The seminar is now being set-up for this academic year,
the first upcoming talks will be announced soon.
Previous talks
Date: 21 September 2006
Speaker: Thomas Quella (UvA)
Title: Wess-Zumino-Witten models on Supergroups.
Abstract:
Wess-Zumino-Witten models - widely used to describe the
propagation of strings on group manifolds - are conformal sigma-models
with an infinite-dimensional current algebra symmetry. In this talk we
will consider the generalization to supergroups which describe bosonic and
fermionic degrees of freedom on an equal footing. Our focus will be
on the geometric properties of these models and how harmonic analysis
can be used to extract physical information. One of the surprising
results is that the Laplacian is not diagonalizable. An essential
part of the presentation will be concerned with the representation
theory of Lie superalgebras which somewhat differs from that of
ordinary Lie algebras.
Date: 28 September 2006
Speaker: Thomas Quella (UvA)
Title: Harmonic analysis on supergroups.
Abstract:
We show how the algebra of functions on a (sufficiently well-behaved)
supergroup can be decomposed with respect to the left and right
regular action of the underlying Lie superalgebra. The analysis will
take place in two steps. First an auxiliary problem with a set of
reduced differential operators is solved. Afterwards eigenfunctions
of the Laplacian related to this auxiliary problem are mapped to
generalized eigenfunctions of the full Laplacian. Among our findings
is that the complete spectrum consists of projective, not necessarily
irreducible, representations only. Also - as indicated by the word
"generalized eigenfunctions" - the full Laplacian turns out to be
non-diagonalizable in a subsector of the representation space.
Mathematical foundations:
- Y.M. Zou, "Category of finite dimensional weight modules over type
I classical Lie superalgebras", J. Alg. 180 (1996), 459-482.

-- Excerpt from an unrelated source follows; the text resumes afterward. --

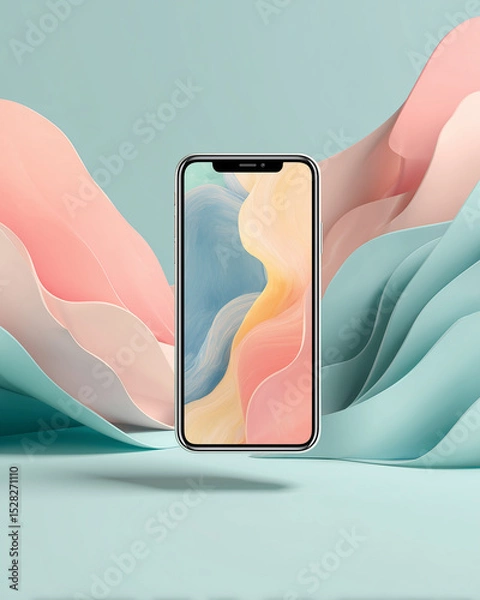 Fototapeta Modern smartphone featuring abstract digital artwork with a colorful wave-like design and a soft pastel backdrop. The futuristic device showcases cutting-edge technology with elegance.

- R.B. Zhang and Y.M. Zou, http://de.arxiv.org/abs/math.RT/0608693
(Hopf superalgebra approach to a similar problem but without true
representation theory).
Date: 5 October 2006
Speaker:
Wolter Groenevelt (UvA)
Title: Vector valued big q-Jacobi functions.
Abstract:
We study an unbounded second order q-difference operator that has certain
basic-hypergeometric functions, called big q-Jacobi functions, as
eigenfunction. Spectral analysis of the difference operator leads to an
integral transform that has two big q-Jacobi functions as a kernel. The
difference operator corresponds to the action of the Casimir operator in a
certain representation of the quantized universal enveloping algebra of
su(1,1).
Date: 19 October 2006
Speaker: Jan Felipe van Diejen (Universidad de Talca, Chili)

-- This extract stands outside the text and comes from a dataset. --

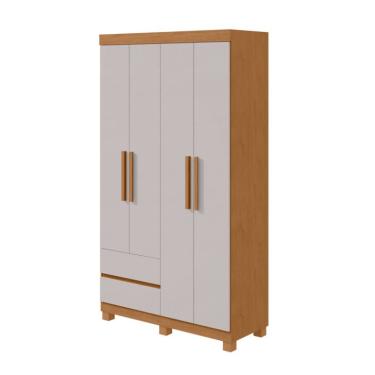 Imagem de Guarda-Roupa Casal Zeus com Pés 4 Portas 2 Gavetas Off White e Amêndoa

Title: Bernstein-Szego Polynomials Associated with Root Systems.
Abstract:
We introduce multivariate generalizations of the Bernstein-Szego
polynomials, which are associated to the root systems of the complex
simple Lie algebras. The multivariate polynomials in question
generalize Macdonald's Hall-Littlewood polynomials associated with
root systems. For the root system of type A_1 (corresponding to
the Lie algebra sl(2;C)) the classic Bernstein-Szego polynomials
are recovered.
Date: 26 October 2006
Speaker: Fokko van de Bult (UvA)
Title: The modular double of a quantum group and hyperbolic
hypergeometric functions.
Abstract: The classical hypergeometric functions (normal and basic or
q-hypergeometric functions) are intimately related to representations of
certain algebras. However for the new hyperbolic hypergeometric
functions the relevant algebras are not yet well understood. We will
introduce the hyperbolic hypergeometric functions and the modular double
of a quantum group and then argue that they are related. We will mainly
do this by showing an example where Ruijsenaars' R-function appears as
matrix-coefficients of a representation of the modular double of Uq(sl2).
Date: 2 November 2006
Speaker: Eric Opdam (UvA)
Title: KZ-twists and fake symmetries.
Abstract:
We introduce the so-called fake degrees for representations
of complex reflection groups. We discuss a
symmetry property of these degrees with respect to
a twisting operation on the category of representations
of the complex reflection group. We interpret this
formula in view of the theory of cyclotomic Hecke
algebras. Finally we discuss recent progress due
to Yuri Berest and Oleg Chalykh on a related
conjecture about these twists.
Date: 9 and 16 November 2006
Speaker: Maarten Solleveld (UvA)
Title: K-theory and representations of affine Hecke algebras.
Abstract:
Affine Hecke algebras are defined as q-deformations of the group algebra
of a Coxeter group. It is conjectured that the topological K-theory of
the C*-completion of an affine Hecke algebra (AHA for short) is
independent of the parameter(s) q. In these talks we plan to relate this
conjecture to the representation theory of AHA's.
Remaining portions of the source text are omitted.